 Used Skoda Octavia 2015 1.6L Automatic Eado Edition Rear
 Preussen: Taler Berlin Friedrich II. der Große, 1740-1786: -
==
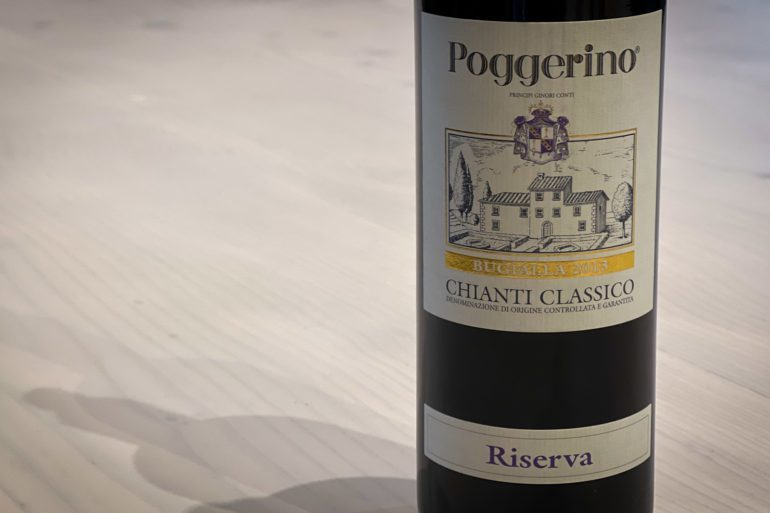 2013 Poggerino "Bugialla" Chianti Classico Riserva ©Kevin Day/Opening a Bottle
...
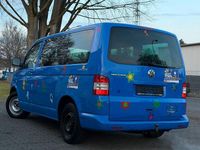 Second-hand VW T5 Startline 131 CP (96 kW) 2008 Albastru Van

*Task instructions*
From the records above, transcribe without alteration every line from the one with "Used Skoda Octavia" to the one with "Preussen: Taler Berlin", inclusive.

*Answer*
 Used Skoda Octavia 2015 1.6L Automatic Eado Edition Rear
 Preussen: Taler Berlin Friedrich II. der Große, 1740-1786: -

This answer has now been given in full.